(Brief descriptive captions)
______
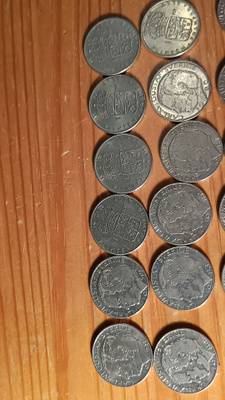 Ruotsi 10.25.50 öre ja 1 kr kolikoita
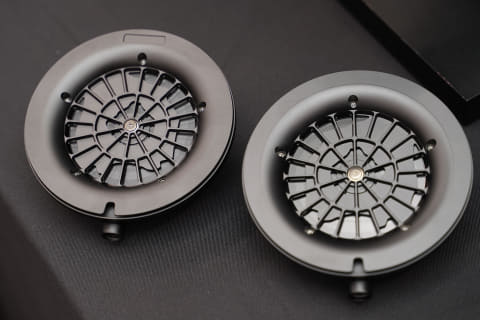 STAXから小型円形の“静電型新世代エントリー”。finalから「D7000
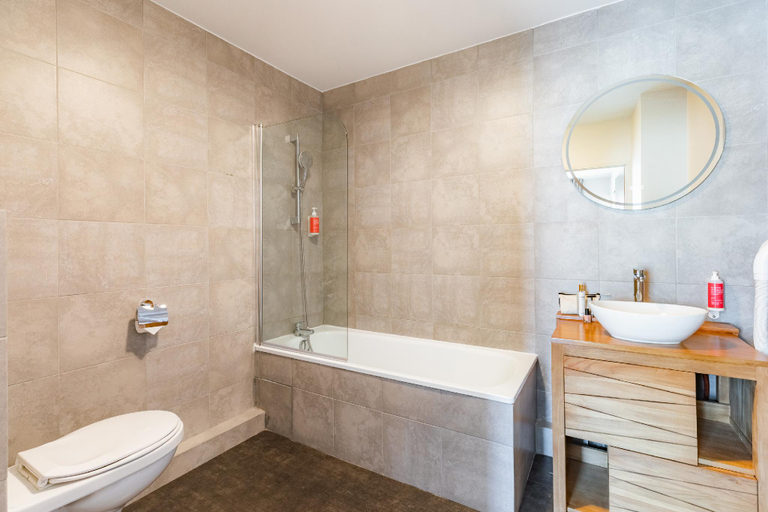 Bathroom 4, Appart'City Confort Lyon Cité Internationale, Rhône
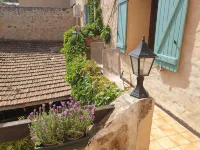 On vacation with the dog? House with enclosed garden in the center of Roquebrun. Hotels in Roquebrun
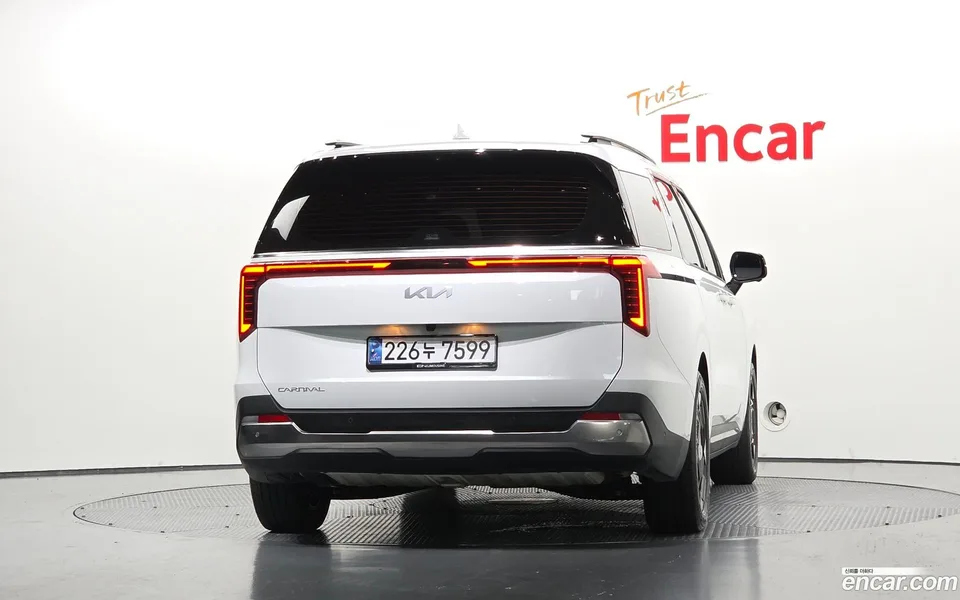 Kia Carnival 9 2024 — thumbnail 4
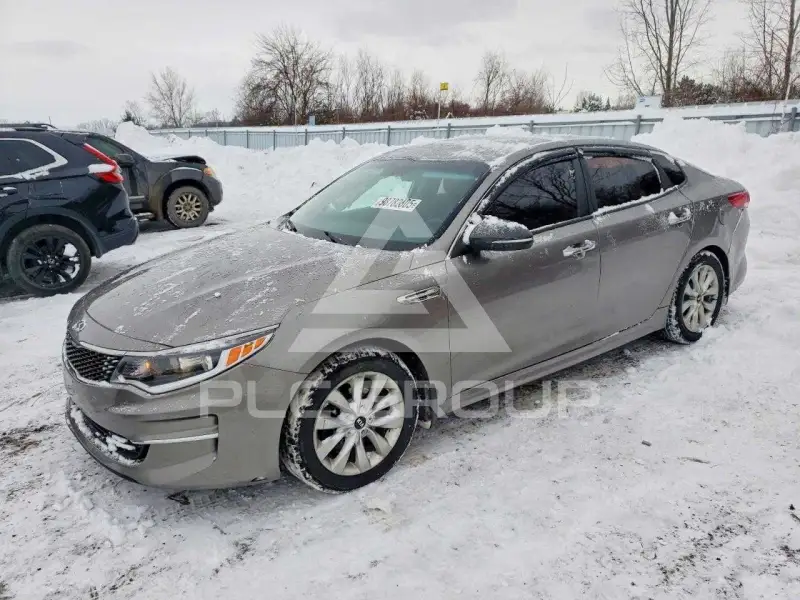 2017 KIA Optima фото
______
(Instructions to follow): In your copy, please omit the pictures and print every line of the records exactly.

(Completed exercise):
 Ruotsi 10.25.50 öre ja 1 kr kolikoita
 STAXから小型円形の“静電型新世代エントリー”。finalから「D7000
 Bathroom 4, Appart'City Confort Lyon Cité Internationale, Rhône
 On vacation with the dog? House with enclosed garden in the center of Roquebrun. Hotels in Roquebrun
 Kia Carnival 9 2024 — thumbnail 4
 2017 KIA Optima фото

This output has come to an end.